Advocates for renters dispute the notion that landlords incur any damages due to late payment of rent. “The reality for most landlords when rent is paid late is they have someone on staff walk across the parking lot to put a note on the door saying your rent is late and here’s your notice to vacate,” said Sandy Rollins, the director of Texas Tenants’ Union. “The cost is basically a piece of paper and the ink. It’s a racket. They can rack up a lot of extra money by charging these much higher rates.”

In fact, documents discovered in the lawsuit against Mid-America Apartments demonstrate that landlords often view late fees as a significant source of revenue rather than as compensation for damages. In 2013, the company merged with another large apartment operator called Colonial Properties. Before the merger,  Mid-America Apartments charged tenants an initial late fee of $50. Colonial charged $75. Late one evening in 2013, a regional vice president for Mid-America Apartments wrote an email to his colleagues, asking if anyone objected to increasing their late fees to match those charged by Colonial. “Easy increase income opportunity! :)” he wrote. “Works for me!” replied one. “Me too!” wrote another.

“It literally got approved overnight,” said Britton Monts, a lawyer representing the Clevens and other families in three pending class action lawsuits against large apartment operators in Texas. “They didn’t tie it to their estimated damages and used it to bring in more money.” According to the case filing, “the late fees assessed by [Mid-America Apartments] have come to represent their largest source of ancillary (non-rent) income.” In Texas alone, the company collected more than $13 million in late fees between 2012 and 2017.

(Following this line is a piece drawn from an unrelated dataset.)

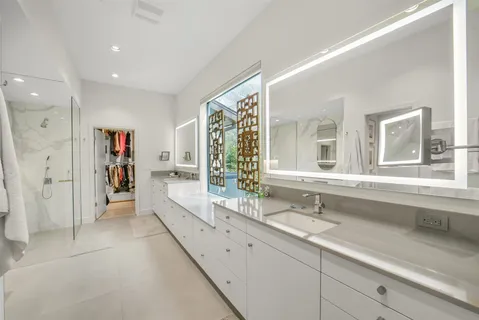 $1,799,000 | 15 Hudson Circle, Houston, TX 77024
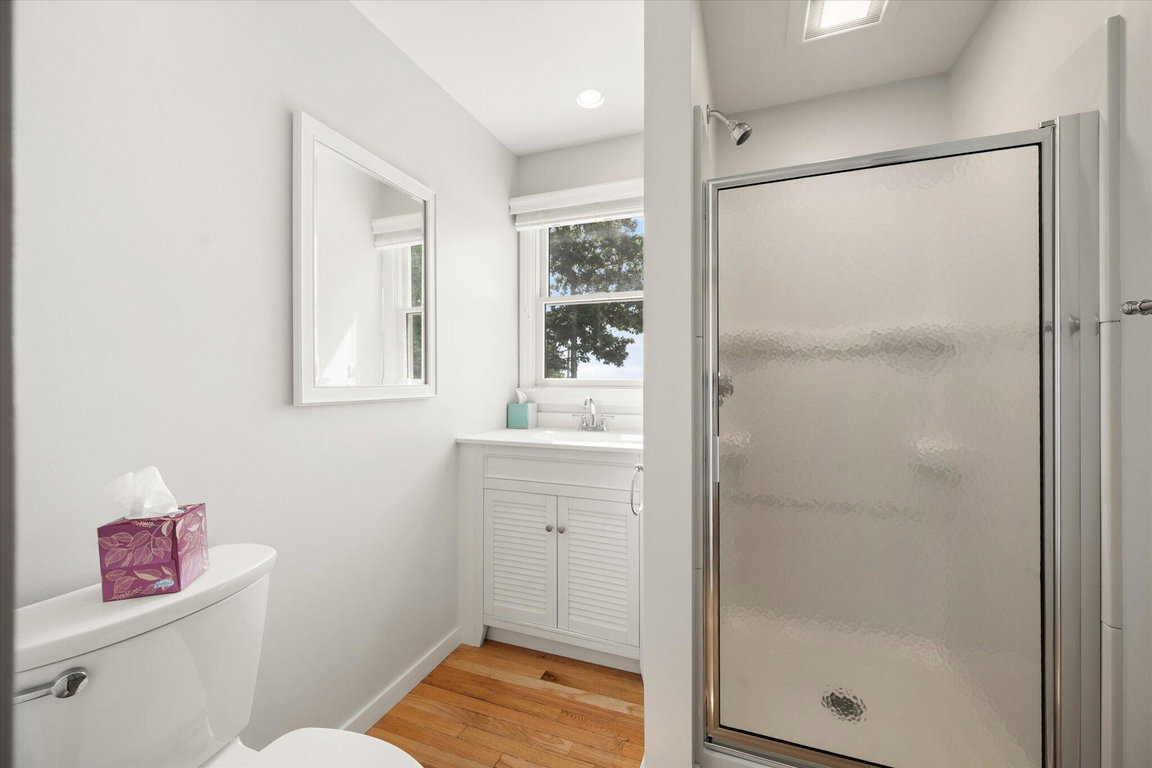 17-Bathroom, Laundry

In 2018, a federal district judge ruled that the company had violated the law by charging arbitrary late fees. Rather than appeal the ruling, Mid-America Apartments is now appealing the court’s decision to certify the class action lawsuit. The company did not immediately respond to request for comment.

Trey Martinez Fischer
State Representative Trey Martinez Fischer, D-San Antonio  Courtesy/Twitter

In April, SB 1414 passed the Senate on a 26-5 vote. On Tuesday, state Representative Trey Martinez Fischer, a San Antonio Democrat who chairs the House Business and Industry Committee, joined Republicans in advancing it past the committee. It now faces a deadline of May 21 to be tentatively approved by the full House, and would then need only Governor Greg Abbott’s signature to become law.

The proposal would make it harder for tenants to challenge unreasonable late fees in court. Under the bill, a landlord who violates the law would be liable for damages only after the late fee has been “collected,” rather than “charged.”

“That means a landlord faces no liability for charging an unreasonable fee until they have collected the amount, and the tenant has no grounds to challenge the unreasonable fee until they have paid,” Duncan said.

Under both current law and SB 1414, a landlord can apply rent payments to any outstanding debts without notifying the tenant at the time of payment. In practice, that means a $25 debt for maintenance or trash pickup can become $25 of unpaid rent, thus triggering the assessment of late fees, said Daniel Armendariz, a housing advocate with the Austin Tenants’ Council, a nonprofit that advocates for tenant rights and fair housing.

“I would say about 75 percent of the evictions I see are for nonpayment of rent, and at least 30 to 40 percent of those evictions are for nonpayment of rent because late fees were applied to rent,” he said. “The original cause is some sum owed. It doesn’t really matter how much or how little is owed. But once owed, the deadly cycle of late fees kicks in.”